One such challenge is the understanding of duration. According to Dr van der Helm-van Mil and collages, studies reporting on the so-called window of opportunity simply report the disease duration, and conclude that patients “with a disease duration of less than x months” are more likely to have improved outcomes compared with patients with a disease duration greater than x months.2 However, the duration of when x months begins is often “inadequately” described.2

“Clearly, adopting different definitions of a starting point for the disease onset will lead to different durations of the therapeutic window,” the authors noted.2

Another challenge is determining when — or if — a window of opportunity is required to close. Is there a time after which intervention becomes comparatively ineffective? There is often limited discussion of why treatment durations were chosen, and only 1 study evaluated treatment timeframe and provided evidence that a confined treatment period is more likely than a simple “the earlier the better” explanation.2,7,8

Karim Raza, PhD, and Andrew Filer, PhD, also probed this question, pointing out that opening the window in relation to the earliest “relevant” RA symptoms is “hugely challenging.”8 They suggest that future studies in this area address the length of the therapeutic window of opportunity in relation to different types of RA onset.8

Conclusions

“While the concept of a window of opportunity in RA is widely used, different definitions of this window exist,” Dr van der Helm-van Mil and colleagues concluded. “As there were relatively few trials performed in pre-RA phases, more research is needed to verify the new definition.”2

References

1. Dawes PT, Symmons DPM. Short-term effects of antirheumatic drugs. Baillières Clin Rheumatol. 1992;6(1):117-140.

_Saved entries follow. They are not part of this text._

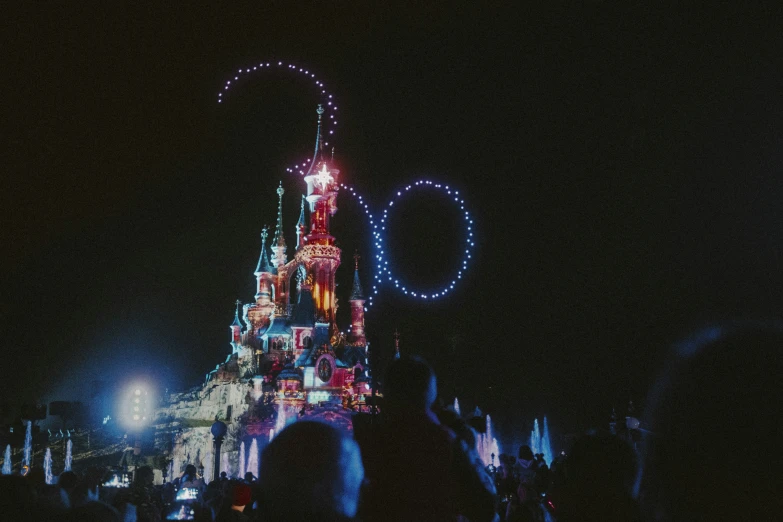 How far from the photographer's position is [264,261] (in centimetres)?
7612

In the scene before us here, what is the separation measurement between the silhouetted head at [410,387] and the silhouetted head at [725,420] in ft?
6.89

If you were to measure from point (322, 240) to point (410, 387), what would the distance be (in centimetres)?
6440

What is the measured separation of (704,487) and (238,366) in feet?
231

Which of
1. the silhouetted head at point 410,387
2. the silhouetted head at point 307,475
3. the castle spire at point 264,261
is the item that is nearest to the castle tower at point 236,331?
the castle spire at point 264,261

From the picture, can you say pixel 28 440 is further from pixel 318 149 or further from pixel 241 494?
pixel 318 149

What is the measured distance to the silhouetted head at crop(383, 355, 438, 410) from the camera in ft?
15.1

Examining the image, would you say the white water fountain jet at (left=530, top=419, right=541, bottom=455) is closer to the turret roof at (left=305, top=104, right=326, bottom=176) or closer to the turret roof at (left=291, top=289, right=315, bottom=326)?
the turret roof at (left=291, top=289, right=315, bottom=326)

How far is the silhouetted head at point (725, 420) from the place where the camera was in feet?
7.96

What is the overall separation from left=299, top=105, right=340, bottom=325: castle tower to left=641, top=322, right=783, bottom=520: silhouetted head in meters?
62.9

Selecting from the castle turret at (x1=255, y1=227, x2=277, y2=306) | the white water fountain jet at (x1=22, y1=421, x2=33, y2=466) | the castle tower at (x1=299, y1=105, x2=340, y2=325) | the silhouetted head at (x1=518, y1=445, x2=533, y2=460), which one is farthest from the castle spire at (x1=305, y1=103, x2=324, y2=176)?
the silhouetted head at (x1=518, y1=445, x2=533, y2=460)

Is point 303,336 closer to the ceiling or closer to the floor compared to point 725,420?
closer to the ceiling

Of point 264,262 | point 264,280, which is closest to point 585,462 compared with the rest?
point 264,280

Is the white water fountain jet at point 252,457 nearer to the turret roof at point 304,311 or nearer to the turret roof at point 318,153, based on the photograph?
the turret roof at point 304,311

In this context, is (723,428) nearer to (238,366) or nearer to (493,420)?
(493,420) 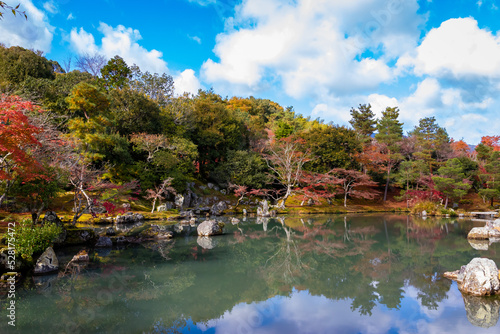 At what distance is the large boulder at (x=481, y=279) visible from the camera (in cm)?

2. Burgers LE, Raza K, van der Helm-van Mil AH. Window of opportunity in rheumatoid arthritis — definitions and supporting evidence: From old to new perspectives. RMD Open. 2019;5(1):e0008.

3. Nam JL, Emery P. Is there a place for initial treatment with biological DMARDs in the early phase of RA? Best Pract Res Clin Rheumatol. 2013;27(5):537-554.

4. Anderson JJ, Wells G, Verhoeven AC, Felson DT. Factors predicting response to treatment in rheumatoid arthritis: the importance of disease duration. Arthritis Rheum. 2000;43(1):22-29.

5. Marotte H. Determining the right time for the right treatment-application to preclinical rheumatoid arthritis. JAMA Netw Open. 2019;2(6):e195358.

6. Mankia K, Emery P. A new window of opportunity in rheumatoid arthritis: targeting at-risk individuals. Curr Opin Rheumatol. 2016;28(3):260-266.

 7. Nagy G, van Vollenhoven RF. Sustained biologic-free and drug-free remission in rheumatoid arthritis, where are we now? Arthritis Res Ther. 2015;17:181.

 8. Raza K, Filer A. The therapeutic window of opportunity in rheumatoid arthritis: does it ever close? Ann Rheum Dis. 2015;74(5):793-794.